L'Eni al contrattacco contro l'ex legale Amara: "Bugie per screditarci, ora paghi 30 milioni"

I due filoni costati alla società 100 milioni. Ma nessuna prova di tangenti

L'Eni al contrattacco contro l'ex legale Amara: "Bugie  per screditarci, ora paghi 30 milioni"

L'Eni contro la presunta gola profonda. Il colosso guidato dall'ad Piero Descalzi presenta il conto e chiede 30 milioni di euro per danni reputazionali all'avvocato Piero Amara, un tempo utilizzato dall'azienda nelle sue controversie e poi diventato grande accusatore di Descalzi & company. Ora parte la controffensiva: i racconti del legale sarebbero una sorta di fiction, in un intreccio di menzogne, tangenti e trame spionistiche.

«Nel corso del 2015 - si legge nell'atto depositato al tribunale di Terni - l'avvocato Amara ha elaborato prima una serie di esposti anonimi alla Procura di Trani e poi una denuncia alla procura di Siracusa», dove aveva una amica, «nei quali veniva denunciato un preteso complotto asseritamente finalizzato a destabilizzare i vertici di Eni». Tutto falso, secondo gli avvocati Sara Biglieri e Luca De Benedetto, e di questo Amara dovrà rispondere in sede civile.

Da tempo Amara disegna e racconta le presunte manovre del ponte di comando dell'Eni fino a cercare di screditare la procura di Milano che contesta ai vertici dell'azienda petrolifera il pagamento di ingenti mazzette per i giacimenti africani. Il primo processo, per le stecche in Algeria, si è chiuso con un flop, ora pure il secondo, relativo ai presunti versamenti in Nigeria, perde colpi, per le autorevoli smentite alla tesi dell'accusa arrivate inaspettatamente in aula.

Non solo: la procura si è aggrappata alle rivelazioni di Amara per salvare il salvabile e ha chiesto che fosse sentito su ben 14 punti, in cui c'è di tutto e di più come in un romanzo d'appendice dai troppi colpi di scena: incontri riservati, esposti anonimi, telefonini criptati e tanto altro. «Amara - secondo la procura - seppe che l'Eni ha svolto un'attività di raccolta di informazioni nei confronti dei pubblici ministeri di Milano titolari delle indagini su Eni-Algeria e Opl 245 volta ad acquisire notizie utili a screditare anche attraverso pedinamenti ed intercettazioni ambientali in luoghi d'incontro».

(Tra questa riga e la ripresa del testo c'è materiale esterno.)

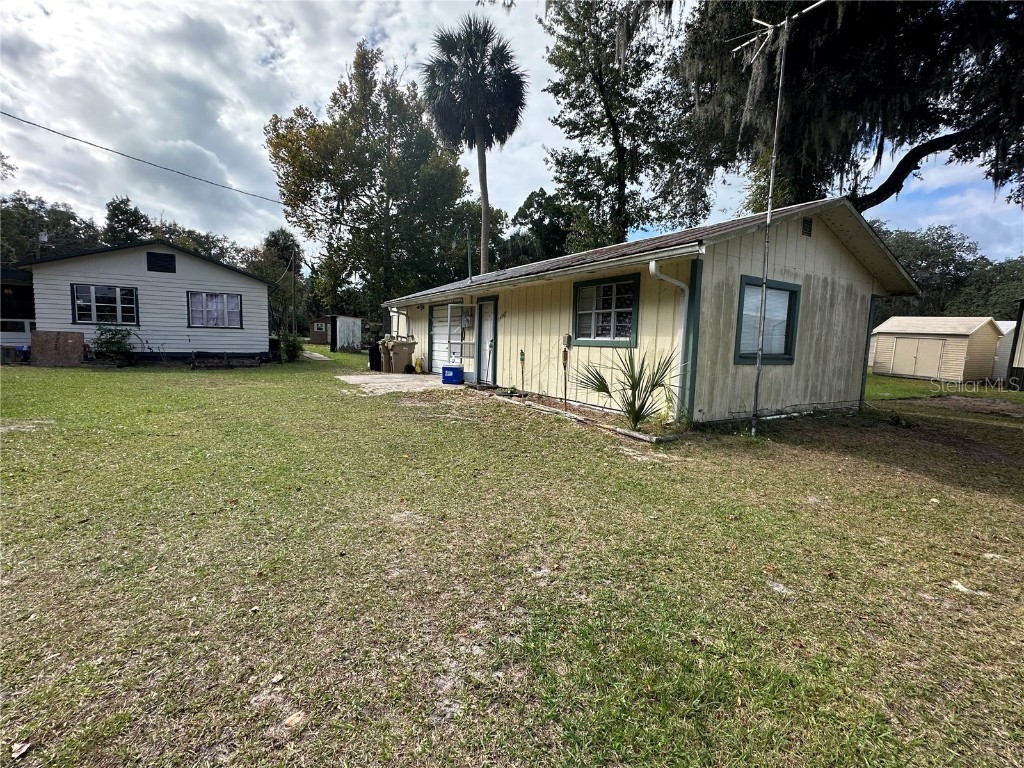 54901 Cedar Crest Road Astor FL 32102 R4910214 image17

Insomma, Amara continua a rilanciare e ad aggiornare il proprio verbo e neppure l'apertura del nuovo fronte, in sede civile, sembra aver frenato le sue minuziose ricostruzioni. Ma la risposta del tribunale alle sollecitazioni del pm Fabio De Pasquale è stata gelida: il 5 febbraio scorso il presidente del collegio Marco Tremolada legge un'ordinanza con cui boccia il nuovo interrogatorio di Agrama e l'acquisizione di nuove prove. Ritenute «non decisive».

Il processo è lanciato verso la conclusione e il tribunale pare stufo di dover fare il giro del mondo per raccogliere nuove suggestioni tutte da dimostrare.

Si attende il finale del secondo filone, il primo intanto è finito nel nulla. Ma i costi sostenuti dall'Eni, e in parte ricaduti sulle spalle del contribuente, sono astronomici e sfiorano i cento milioni. Fra perizie, parcelle e audit.